[[ RECORDS SHOWN open ]]

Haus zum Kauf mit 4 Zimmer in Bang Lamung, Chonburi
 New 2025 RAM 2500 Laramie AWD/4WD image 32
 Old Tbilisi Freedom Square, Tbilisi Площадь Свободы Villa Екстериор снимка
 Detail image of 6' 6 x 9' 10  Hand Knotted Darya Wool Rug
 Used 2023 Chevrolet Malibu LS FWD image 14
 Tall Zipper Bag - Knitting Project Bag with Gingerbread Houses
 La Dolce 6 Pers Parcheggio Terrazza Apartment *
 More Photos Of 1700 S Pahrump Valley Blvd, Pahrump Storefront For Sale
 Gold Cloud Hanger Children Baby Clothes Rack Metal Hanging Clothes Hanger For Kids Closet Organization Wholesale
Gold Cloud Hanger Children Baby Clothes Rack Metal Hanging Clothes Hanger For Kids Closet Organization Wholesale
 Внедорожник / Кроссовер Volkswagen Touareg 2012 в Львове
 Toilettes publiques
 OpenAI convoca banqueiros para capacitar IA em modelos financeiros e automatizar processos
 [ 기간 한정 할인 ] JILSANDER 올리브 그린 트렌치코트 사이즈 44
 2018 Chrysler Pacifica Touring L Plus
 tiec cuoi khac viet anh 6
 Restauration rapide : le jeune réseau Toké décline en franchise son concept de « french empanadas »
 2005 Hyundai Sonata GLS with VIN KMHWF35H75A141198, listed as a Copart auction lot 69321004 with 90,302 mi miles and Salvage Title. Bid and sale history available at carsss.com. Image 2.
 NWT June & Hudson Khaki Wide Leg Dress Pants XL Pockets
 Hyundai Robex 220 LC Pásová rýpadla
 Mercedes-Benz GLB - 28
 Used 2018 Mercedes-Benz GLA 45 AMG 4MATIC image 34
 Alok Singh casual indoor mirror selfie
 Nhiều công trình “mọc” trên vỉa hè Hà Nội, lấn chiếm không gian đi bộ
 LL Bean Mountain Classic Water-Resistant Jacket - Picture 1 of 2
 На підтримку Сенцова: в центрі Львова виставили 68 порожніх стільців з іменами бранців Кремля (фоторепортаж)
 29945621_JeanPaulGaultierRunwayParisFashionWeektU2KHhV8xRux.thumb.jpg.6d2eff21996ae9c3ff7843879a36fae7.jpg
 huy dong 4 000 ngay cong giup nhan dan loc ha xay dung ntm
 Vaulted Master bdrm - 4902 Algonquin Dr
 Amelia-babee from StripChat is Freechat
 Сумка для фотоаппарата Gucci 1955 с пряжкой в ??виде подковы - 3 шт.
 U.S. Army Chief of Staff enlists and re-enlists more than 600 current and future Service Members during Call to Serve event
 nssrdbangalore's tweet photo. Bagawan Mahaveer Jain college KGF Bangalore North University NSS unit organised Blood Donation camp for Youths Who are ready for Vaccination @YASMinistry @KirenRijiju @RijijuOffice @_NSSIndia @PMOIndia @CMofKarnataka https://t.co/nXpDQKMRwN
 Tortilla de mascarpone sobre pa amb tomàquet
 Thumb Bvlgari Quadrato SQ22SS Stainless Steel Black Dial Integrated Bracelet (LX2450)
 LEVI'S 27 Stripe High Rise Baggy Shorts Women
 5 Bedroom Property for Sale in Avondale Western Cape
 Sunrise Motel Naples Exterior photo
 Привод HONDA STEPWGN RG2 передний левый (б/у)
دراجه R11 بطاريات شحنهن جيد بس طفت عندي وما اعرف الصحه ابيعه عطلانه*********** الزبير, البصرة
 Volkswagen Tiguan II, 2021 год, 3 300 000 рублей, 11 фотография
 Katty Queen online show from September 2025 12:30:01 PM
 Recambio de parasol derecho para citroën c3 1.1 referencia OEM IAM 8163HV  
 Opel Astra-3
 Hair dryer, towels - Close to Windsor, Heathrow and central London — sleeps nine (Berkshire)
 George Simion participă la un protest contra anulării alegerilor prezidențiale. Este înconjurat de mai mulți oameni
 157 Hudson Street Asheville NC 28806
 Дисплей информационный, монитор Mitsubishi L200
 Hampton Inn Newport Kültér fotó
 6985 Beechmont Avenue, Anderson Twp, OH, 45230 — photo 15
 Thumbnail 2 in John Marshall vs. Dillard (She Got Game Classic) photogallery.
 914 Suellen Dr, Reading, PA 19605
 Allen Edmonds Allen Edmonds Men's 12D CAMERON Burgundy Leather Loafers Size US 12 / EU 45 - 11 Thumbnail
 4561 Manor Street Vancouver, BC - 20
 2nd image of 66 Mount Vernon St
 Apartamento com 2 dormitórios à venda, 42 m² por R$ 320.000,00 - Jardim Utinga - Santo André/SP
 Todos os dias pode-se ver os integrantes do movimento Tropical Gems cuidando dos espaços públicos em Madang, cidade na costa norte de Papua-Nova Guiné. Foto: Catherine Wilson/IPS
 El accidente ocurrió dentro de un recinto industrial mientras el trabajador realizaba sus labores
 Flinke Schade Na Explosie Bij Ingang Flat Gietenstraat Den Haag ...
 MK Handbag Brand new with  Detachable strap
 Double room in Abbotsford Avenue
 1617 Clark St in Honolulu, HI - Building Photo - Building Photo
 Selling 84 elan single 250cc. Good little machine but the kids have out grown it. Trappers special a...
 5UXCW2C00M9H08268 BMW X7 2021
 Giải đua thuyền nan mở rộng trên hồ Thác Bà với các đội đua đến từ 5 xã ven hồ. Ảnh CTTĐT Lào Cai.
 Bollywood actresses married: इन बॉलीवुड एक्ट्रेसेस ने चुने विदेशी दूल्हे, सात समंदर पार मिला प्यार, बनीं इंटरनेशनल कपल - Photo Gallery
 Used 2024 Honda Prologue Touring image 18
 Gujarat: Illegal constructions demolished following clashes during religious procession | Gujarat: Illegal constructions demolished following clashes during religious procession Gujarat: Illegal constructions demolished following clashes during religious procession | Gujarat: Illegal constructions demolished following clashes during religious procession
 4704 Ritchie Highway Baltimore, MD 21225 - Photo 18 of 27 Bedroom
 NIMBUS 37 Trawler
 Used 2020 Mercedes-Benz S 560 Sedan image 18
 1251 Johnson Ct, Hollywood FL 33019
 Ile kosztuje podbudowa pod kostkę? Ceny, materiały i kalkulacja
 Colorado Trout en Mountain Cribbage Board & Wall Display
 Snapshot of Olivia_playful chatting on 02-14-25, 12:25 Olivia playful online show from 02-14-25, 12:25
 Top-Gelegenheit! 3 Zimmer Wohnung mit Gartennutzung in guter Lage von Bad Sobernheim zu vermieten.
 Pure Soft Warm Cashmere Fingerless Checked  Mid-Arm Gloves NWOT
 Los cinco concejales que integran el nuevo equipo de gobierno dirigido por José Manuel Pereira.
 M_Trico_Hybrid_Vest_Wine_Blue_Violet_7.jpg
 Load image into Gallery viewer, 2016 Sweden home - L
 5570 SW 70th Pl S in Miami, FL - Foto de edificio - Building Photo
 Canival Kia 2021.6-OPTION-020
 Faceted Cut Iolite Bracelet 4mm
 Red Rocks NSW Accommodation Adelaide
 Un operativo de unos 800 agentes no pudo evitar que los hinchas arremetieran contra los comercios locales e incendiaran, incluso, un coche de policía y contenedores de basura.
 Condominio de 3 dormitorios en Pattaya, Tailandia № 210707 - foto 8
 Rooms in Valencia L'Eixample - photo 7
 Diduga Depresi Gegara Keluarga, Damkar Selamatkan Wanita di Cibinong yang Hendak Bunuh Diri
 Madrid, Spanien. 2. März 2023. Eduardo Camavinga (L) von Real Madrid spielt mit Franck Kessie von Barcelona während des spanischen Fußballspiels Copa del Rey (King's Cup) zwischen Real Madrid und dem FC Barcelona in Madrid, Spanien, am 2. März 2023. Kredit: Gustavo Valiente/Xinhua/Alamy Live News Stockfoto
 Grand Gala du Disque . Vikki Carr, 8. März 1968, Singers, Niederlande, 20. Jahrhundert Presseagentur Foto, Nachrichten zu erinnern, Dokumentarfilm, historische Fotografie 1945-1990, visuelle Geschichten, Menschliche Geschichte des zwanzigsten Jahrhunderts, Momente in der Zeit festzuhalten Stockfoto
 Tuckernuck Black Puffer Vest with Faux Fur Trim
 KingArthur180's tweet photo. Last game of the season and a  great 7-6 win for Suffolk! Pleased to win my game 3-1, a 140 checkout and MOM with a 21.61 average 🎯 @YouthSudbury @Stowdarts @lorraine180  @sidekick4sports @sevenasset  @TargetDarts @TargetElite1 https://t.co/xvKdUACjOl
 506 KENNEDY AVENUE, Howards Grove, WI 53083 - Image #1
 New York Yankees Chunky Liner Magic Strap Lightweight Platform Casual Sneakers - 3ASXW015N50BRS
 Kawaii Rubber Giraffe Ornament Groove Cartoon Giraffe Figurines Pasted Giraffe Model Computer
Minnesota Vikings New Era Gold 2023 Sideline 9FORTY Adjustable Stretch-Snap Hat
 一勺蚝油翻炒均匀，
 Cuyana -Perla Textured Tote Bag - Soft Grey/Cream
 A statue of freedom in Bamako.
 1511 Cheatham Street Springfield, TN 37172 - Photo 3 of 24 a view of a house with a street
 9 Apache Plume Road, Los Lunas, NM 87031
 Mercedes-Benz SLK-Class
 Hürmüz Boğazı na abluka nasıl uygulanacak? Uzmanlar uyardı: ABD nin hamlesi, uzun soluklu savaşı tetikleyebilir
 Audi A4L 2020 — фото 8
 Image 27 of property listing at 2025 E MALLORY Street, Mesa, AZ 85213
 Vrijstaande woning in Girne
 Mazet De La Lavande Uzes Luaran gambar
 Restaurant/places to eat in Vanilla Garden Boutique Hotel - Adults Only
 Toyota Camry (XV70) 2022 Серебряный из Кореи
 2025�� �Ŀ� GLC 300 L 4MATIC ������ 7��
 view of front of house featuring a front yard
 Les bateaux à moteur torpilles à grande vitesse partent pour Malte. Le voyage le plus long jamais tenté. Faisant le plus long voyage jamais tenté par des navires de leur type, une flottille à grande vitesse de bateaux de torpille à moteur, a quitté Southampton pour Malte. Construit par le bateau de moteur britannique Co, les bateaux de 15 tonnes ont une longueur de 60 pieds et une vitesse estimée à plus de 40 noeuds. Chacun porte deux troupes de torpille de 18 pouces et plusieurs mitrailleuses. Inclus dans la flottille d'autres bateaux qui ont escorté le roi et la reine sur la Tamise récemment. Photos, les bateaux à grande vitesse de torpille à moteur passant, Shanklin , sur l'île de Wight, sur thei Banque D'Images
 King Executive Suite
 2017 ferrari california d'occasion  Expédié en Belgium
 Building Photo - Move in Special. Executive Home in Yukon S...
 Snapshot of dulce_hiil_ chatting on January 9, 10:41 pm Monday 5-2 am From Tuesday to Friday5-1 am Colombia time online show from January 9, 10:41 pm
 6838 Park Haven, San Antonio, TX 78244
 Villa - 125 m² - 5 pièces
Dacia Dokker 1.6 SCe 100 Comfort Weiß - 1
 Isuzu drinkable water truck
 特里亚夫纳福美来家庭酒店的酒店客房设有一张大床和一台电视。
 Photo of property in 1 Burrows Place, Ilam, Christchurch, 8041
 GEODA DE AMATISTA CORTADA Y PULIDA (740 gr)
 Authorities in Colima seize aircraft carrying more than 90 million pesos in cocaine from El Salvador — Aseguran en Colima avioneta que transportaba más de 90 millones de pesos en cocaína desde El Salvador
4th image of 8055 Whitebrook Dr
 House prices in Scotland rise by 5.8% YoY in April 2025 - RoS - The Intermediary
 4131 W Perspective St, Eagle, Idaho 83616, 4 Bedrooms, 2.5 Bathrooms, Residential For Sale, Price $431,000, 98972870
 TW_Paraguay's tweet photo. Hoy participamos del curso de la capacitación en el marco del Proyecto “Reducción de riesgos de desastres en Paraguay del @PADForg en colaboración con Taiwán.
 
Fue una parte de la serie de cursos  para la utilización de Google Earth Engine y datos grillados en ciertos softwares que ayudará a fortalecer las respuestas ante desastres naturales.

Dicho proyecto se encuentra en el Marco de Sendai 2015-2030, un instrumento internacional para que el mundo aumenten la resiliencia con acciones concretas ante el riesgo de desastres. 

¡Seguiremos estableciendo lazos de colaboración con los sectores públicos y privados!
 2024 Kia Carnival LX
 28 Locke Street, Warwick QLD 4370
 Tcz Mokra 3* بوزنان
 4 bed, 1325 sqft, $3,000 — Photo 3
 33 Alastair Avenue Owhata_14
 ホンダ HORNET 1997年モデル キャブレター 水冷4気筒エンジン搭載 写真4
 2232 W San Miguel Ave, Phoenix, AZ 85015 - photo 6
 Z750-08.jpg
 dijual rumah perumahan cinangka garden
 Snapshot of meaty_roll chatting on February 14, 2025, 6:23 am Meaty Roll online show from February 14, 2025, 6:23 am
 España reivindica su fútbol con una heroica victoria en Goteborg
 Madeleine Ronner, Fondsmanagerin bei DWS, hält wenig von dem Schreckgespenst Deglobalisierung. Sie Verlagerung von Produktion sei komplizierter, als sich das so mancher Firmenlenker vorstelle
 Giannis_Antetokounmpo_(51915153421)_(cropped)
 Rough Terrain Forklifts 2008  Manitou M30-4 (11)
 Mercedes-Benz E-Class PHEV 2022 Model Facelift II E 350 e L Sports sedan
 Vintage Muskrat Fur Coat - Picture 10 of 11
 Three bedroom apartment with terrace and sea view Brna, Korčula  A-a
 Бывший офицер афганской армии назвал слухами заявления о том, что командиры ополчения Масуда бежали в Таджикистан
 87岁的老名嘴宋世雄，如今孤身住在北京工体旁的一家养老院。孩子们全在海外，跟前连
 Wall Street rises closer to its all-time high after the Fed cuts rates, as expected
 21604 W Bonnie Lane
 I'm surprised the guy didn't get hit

[[ RECORDS SHOWN closed ]]

PROBLEM TO SOLVE
Repeat only the lines above, from the first line of the entries through the line that contains "2018 Chrysler Pacifica Touring L Plus", including both ends.

ANSWER BOX
Haus zum Kauf mit 4 Zimmer in Bang Lamung, Chonburi
 New 2025 RAM 2500 Laramie AWD/4WD image 32
 Old Tbilisi Freedom Square, Tbilisi Площадь Свободы Villa Екстериор снимка
 Detail image of 6' 6 x 9' 10  Hand Knotted Darya Wool Rug
 Used 2023 Chevrolet Malibu LS FWD image 14
 Tall Zipper Bag - Knitting Project Bag with Gingerbread Houses
 La Dolce 6 Pers Parcheggio Terrazza Apartment *
 More Photos Of 1700 S Pahrump Valley Blvd, Pahrump Storefront For Sale
 Gold Cloud Hanger Children Baby Clothes Rack Metal Hanging Clothes Hanger For Kids Closet Organization Wholesale
Gold Cloud Hanger Children Baby Clothes Rack Metal Hanging Clothes Hanger For Kids Closet Organization Wholesale
 Внедорожник / Кроссовер Volkswagen Touareg 2012 в Львове
 Toilettes publiques
 OpenAI convoca banqueiros para capacitar IA em modelos financeiros e automatizar processos
 [ 기간 한정 할인 ] JILSANDER 올리브 그린 트렌치코트 사이즈 44
 2018 Chrysler Pacifica Touring L Plus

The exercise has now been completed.